Une question de temporalité
L’une des grandes originalité de la saison 3 est de multiplier les temporalités. L’histoire commence en 1980 puis se poursuit en 1990 avant d’à nouveau faire un bond pour arriver en 2015, quand les personnages sont âgées mais toujours hantées par les démons réveillés par la disparition des enfants de cette famille dysfonctionnelle au centre de l’intrigue. Risqué comme pari, mais c’est aussi ainsi que True Detective impressionne. Le scénario, parfaitement écrit, maîtrisé et intelligent, tire pleinement parti de ces multiples temporalités. La mise en scène aussi d’ailleurs ainsi que le montage, parfait. Même son de cloche du côté des acteurs. Bien aidés par des maquillages admirables (des acteurs « jeunes » n’ont jamais été aussi bien vieillis sans l’aide du numérique, au cinéma ou à la télévision), les acteurs participent eux aussi à bien séparer les époques, alors qu’à l’écriture, Pizzolatto ne recule devant aucune difficulté pour nous raconter son histoire aux multiples ramifications, sans jamais se prendre les pieds dans le tapis ou paraître confus. Ce qui ne veut pas dire qu’il ne faille pas parfois s’accrocher pour saisir toutes les subtilités du récit. True Detective a toujours été une série exigeante et c’est le cas ici aussi.
Dans la chaleur de la nuit
L’une des grandes réussites de cette nouvelle saison est de raconter une histoire palpitante, inquiétante et magistralement construite, mais aussi d’en profiter pour aborder des thématiques puissantes. Le racisme notamment, est abordé de front, même si cela est fait sans avoir recours à une quelconque forme de démagogie. Toujours cette même tendance à bien choisir ses mots et son approche pour frapper là où ça fait mal, sans en avoir l’air, sans forcer le trait ni tomber dans l’excès. Le scénario écrit par Pizzolatto brille par sa capacité à nourrir un suspense grandissant, en faisant preuve d’originalité, tout en se refusant à embraser quelques clichés particulièrement courants dans ce genre d’exercice. Et si la série est plus qu’à son tour flippante, avec sa géniale bande-originale (surtout vers la fin) et sa photographie d’une beauté baroque à couper le souffle, elle propose aussi d’impressionnants numéros d’acteurs. Au premier plan, Mahershala Ali trouve peut-être son meilleur rôle. Cinéma et télévision confondus. Oui carrément. Qu’il joue un jeune inspecteur fougueux, un mari en détresse ou un vieil homme en plein naufrage affectif et psychologique, l’acteur est magistral. On pourrait d’ailleurs en dire autant de son partenaire le sous-estimé Stephen Dorff, ici incroyable du début à la fin (la scène du bar du dernier épisode est l’une des meilleures qu’il ait eu l’occasion de jouer). Carmen Ejogo aussi est bien sûr parfaite, elle qui tire pleinement parti de sa partition pour s’imposer avec grâce et force dans une dynamique difficile. Sans oublier le toujours solide Scoot McNairy.

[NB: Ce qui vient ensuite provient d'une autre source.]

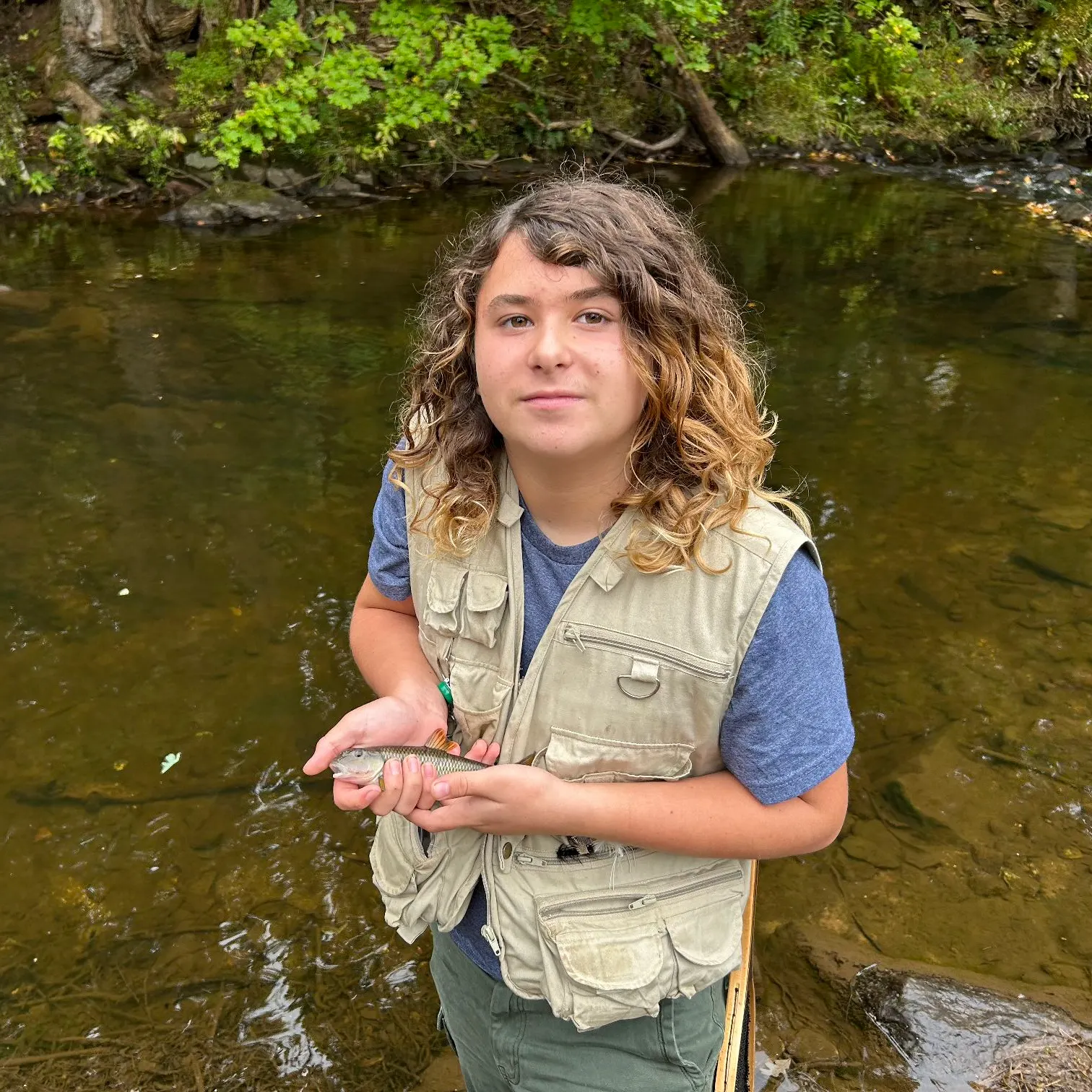 Hornyhead chub caught on Fishbrain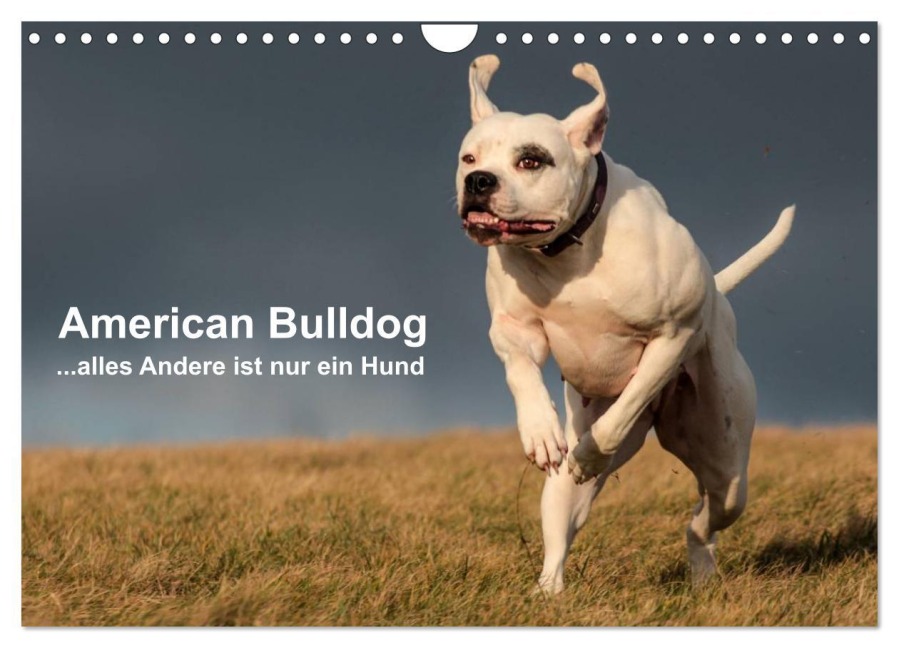 American Bulldog - alles Andere ist nur ein Hund (Wandkalender 2026 DIN A4 quer), CALVENDO Monatskalender - Denise Schmöhl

Le truc, c’est qu’encore une fois, les choix parfois gonflés de Nic Pizzolatto, tout particulièrement concernant la fin, risquent de lui valoir des critiques. On ne dévoilera bien sûr rien du dénouement. On ne parlera pas de cette tristesse insondable qui envahit peu à peu le récit sans pourtant empêcher la lumière de percer. Plus poétique, True Detective a aussi gagné en maturité. Sans se renier.
En Bref…
Une histoire solide, des thématiques abordées avec intelligence, des acteurs incroyables, une photographie crépusculaire à souhait, une musique pénétrante… La saison 3 de True Detective renoue avec l’atmosphère de ses débuts mais finit par trouver une voie(x) qui lui est propre. Pour le meilleur. Grande saison. Grande série.